Yes. Computer simulations suggest that future Bell Experiments could pass control testing (tests that do not violate with randomly pre-polarized classical particle pairs) then fail to violate with non-control testing, answering the EPR question in favor of physics that is simply local, realistic and paradox free.
Can classical field theory violate Bell-like inequalities?
No. Computer simulations modeling ideal Bell tests with classical field theory do not violate Bell-like inequalities. Simulations modeling quantum particles [1] do violate Bell-like inequalities.
What is the difference between classical and quantum allowing to violate Bell?
To paraphrase J.S. Bell in “Bertlmann’s Socks” [1], the classic model only exactly replicates the quantum model when classic (spin) angle happens to randomly be exactly correlated or anti-correlated with the deflector angle, but not at other “intermediate angles”.

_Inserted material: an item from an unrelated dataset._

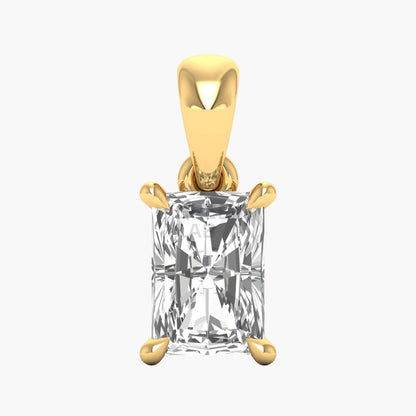Radiant Solitaire Essence Diamond Pendant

Quantum particles collapse to polarity or spin angle that is the same or “opposite” as a deflector (particle 1 collapses to the same, orthogonal or antiparallel angle as deflector 1 and particle 2 collapses to opposite of particle 1).
Classical particles are emitted with random polarity or spin angle with no correlation to a deflector (particle 1 is emitted with a randomly selected angle and particle 2 is emitted with angle opposite of particle 1).
The key difference is that each new classical particle “mirror image” pair is emitted set to one of any possible set of polarization or spin angles (with each particle opposite of each other), while quantum entangled particle pairs can only ever have one of a tiny set of possible polarization or spin angles (same, orthogonal or antiparallel of a deflector), with each particle opposite of each other. [1] A mathematical difference that can be measured.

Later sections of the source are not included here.